Three early female weather pioneers have paved the way for other women in weather with achievements that are important for everyone to know.
Eunice Foote
Dating back to the nineteenth century, Eunice Foote helped discover the greenhouse gas effect on the planet. She worked closely in the 1820′s with Joseph Fourier, who wrote about how water vapor and carbon dioxide affect temperature. Foote conducted research linking sunlight and greenhouse gasses to potential planetary warming.
She also campaigned for women’s rights, signing the Declaration of Sentiments which demanded equality with men in social status and the right to vote.
Joanne Simpson
Joanne Simpson was the first woman in the United States to receive a Ph.D. in meteorology, which she received in 1949 from the University of Chicago.
Simpson taught and researched meteorology at numerous universities as well as the federal government. Simpson contributed to many areas of the atmospheric sciences, especially tropical meteorology and pioneered cloud physics and hurricane hot towers.
June Bacon-Bercey
June Bacon-Bercey was the first African American to earn a Meteorology degree and the first woman to earn the prestigious American Meteorological Society Seal of Approval.
After earning her degree at UCLA in 1954, she worked as a forecaster for the U.S. Weather Bureau, and subsequently for the Atomic Energy Commission, assessing the impacts of atomic energy upon the atmosphere.
By 1970, she became a science reporter for WGR-TV, Buffalo, and within four months had become Chief Meteorologist for the station.
She was instrumental in laying the foundation for Women and Minorities and served on the board of the AMS to bring equality in these efforts.
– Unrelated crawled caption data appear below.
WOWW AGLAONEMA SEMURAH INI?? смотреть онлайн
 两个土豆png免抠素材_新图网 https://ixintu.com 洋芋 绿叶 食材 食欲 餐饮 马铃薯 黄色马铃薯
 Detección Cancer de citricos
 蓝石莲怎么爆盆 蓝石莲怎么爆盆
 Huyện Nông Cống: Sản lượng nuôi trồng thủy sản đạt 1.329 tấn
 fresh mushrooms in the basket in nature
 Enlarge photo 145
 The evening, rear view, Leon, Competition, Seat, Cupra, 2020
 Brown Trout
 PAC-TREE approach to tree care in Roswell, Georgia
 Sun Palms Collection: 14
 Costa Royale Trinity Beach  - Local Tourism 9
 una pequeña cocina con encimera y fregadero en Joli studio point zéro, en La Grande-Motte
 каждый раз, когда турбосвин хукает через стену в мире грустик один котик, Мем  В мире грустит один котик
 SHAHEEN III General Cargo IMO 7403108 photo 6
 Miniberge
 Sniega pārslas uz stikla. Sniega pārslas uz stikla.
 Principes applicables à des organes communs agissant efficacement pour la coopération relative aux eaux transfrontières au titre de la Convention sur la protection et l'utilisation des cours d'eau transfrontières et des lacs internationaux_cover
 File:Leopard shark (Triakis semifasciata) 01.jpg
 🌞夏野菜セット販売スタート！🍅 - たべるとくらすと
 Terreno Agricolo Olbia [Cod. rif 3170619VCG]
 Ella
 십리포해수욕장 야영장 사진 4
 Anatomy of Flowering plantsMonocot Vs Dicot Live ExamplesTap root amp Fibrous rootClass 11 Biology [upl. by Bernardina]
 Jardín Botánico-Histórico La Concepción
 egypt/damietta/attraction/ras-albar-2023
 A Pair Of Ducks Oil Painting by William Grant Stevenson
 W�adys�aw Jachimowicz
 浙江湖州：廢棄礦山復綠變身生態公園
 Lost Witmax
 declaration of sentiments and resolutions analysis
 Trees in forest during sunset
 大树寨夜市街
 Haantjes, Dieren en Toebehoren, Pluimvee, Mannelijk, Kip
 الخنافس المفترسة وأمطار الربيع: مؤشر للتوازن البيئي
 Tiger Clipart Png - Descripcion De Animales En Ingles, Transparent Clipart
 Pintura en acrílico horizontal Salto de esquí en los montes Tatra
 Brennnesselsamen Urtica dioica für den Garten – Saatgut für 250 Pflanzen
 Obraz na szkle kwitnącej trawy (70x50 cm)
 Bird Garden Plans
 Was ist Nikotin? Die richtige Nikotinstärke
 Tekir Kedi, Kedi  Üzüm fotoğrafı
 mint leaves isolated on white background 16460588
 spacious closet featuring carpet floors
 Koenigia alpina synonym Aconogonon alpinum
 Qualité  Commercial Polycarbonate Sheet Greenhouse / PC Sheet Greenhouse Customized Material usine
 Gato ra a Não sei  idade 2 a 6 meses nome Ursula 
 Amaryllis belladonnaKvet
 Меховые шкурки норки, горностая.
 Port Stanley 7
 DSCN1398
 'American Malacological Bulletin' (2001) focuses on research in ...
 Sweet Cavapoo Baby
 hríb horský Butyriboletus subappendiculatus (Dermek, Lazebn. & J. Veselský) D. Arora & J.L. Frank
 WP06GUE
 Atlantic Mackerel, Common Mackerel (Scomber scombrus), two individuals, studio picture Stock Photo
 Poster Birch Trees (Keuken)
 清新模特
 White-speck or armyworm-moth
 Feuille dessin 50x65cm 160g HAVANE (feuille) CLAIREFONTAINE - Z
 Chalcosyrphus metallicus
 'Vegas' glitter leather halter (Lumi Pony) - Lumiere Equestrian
She established a scholarship for women in meteorology in 1977, and helped fund the Jackson State University meteorology program to bring more Black Americans into the field. She passed away in 2019 but her legacy continues through the AMS annual June Bacon-Bercey Award for Broadcast Meteorology which recognizes a broadcast meteorologist for sustained long-term contributions to the community, or for outstanding work during a specific weather event.